IRS Offer in Compromise Planning | IRS Legal Defense
IRS Offer in Compromise Planning
Your IRS tax lawyer will look at what the IRS considers allowable expenses to see what you don’t have, but would benefit from, before submitting an IRS offer in compromise. For example, a taxpayer is allowed to act as a prudent person would. A prudent person might certainly take a look at purchasing:
- Health insurance (could they benefit from a better plan?)
- Life insurance (even if planning on giving up the coverage after the OIC is accepted by the IRS)
- Disability insurance
- Are their car payments matching or under what the IRS allows (would the taxpayer benefit from, and can they afford, a better car?)....the amount you have to offer the IRS is reduced by the allowable car cost.
Your IRS tax defense attorney may want to discuss the benefits of making “structured payments” where the offer in compromise consists of many small payments, following by one large balloon payment at the end of the offer-in-compromise term (up to two years).
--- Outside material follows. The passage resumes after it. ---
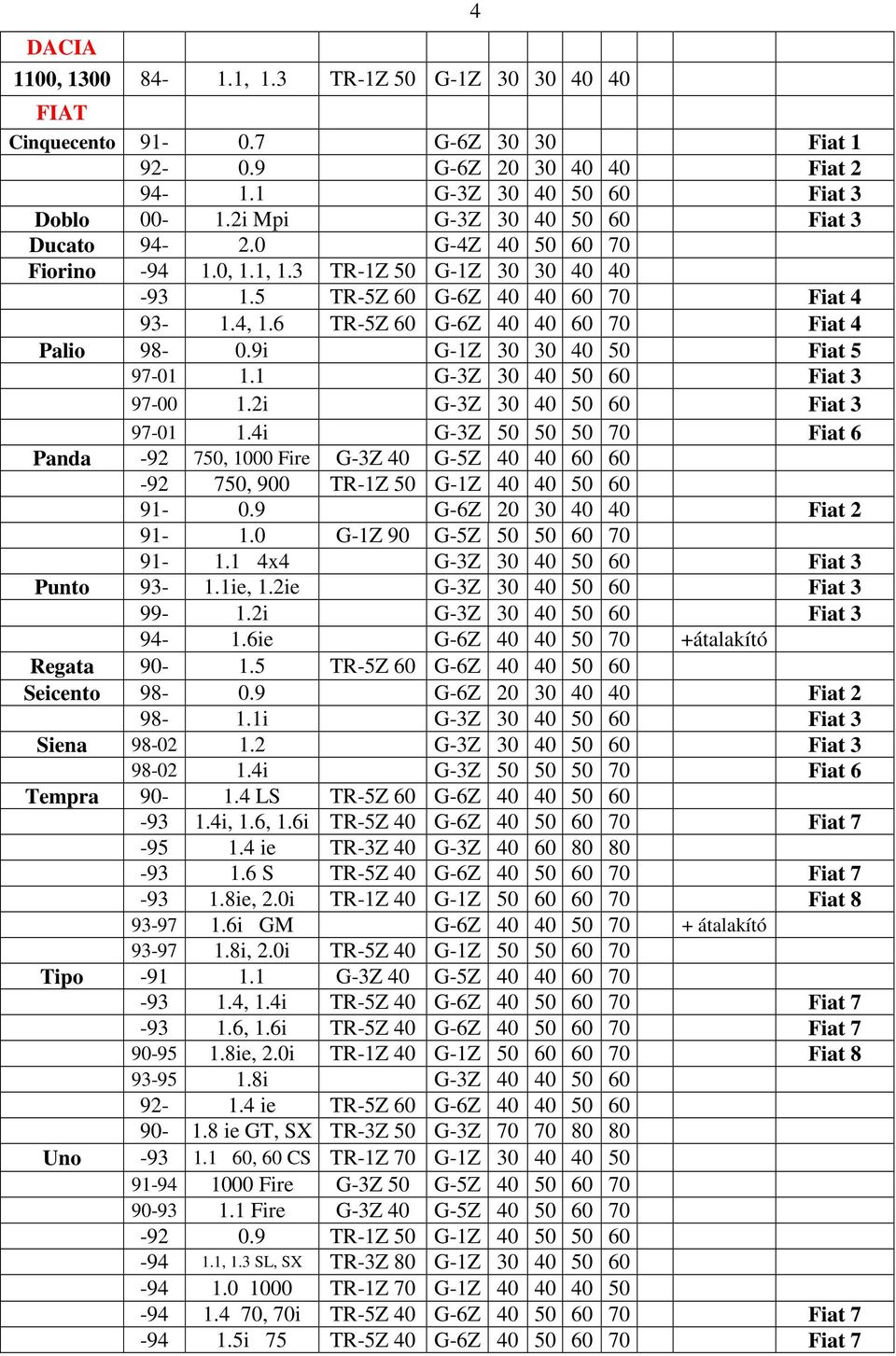 6 TR-5Z 60 G-6Z 40 40 60 70 Fiat 4 Palio 98-0.9i G-1Z 30 30 40 50 Fiat 5 97-01 1.1 G-3Z 30 40 50 60 Fiat 3 97-00 1.2i G-3Z 30 40 50 60 Fiat 3 97-01 1.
A structured offer is especially valuable if you think the OIC may be rejected (because the IRS keeps the money, and better for them to keep small payments as opposed to 20% down plus equal monthly payments).
The structured payments is also, of course, of great value to taxpayers who just don’t have 20% of their tax liability to put down.
Some Other IRS tax defense tools
Switch from Short-Term Deferred OIC to Lump Sum OIC
If the taxpayer doesn’t want to risk losing 20% (or needs a bit more time to get it together), the IRS defense lawyer may recommend initially submitting an IRS offer in compromise to be paid off within 24 months (short-term deferred). As the IRS offer examiner is considering the offer, small payments are being made. Once the IRS indicates that they are willing to accept the offer, indicate a desire to amend Form 656 from “short term deferred,” with structured payments, to a “lump sum” offer in compromise to be paid off within 5 months. This allows the taxpayer to cut the income component in half (by reducing the income multiplier from 24 to 12) without having to come up with 20% right away.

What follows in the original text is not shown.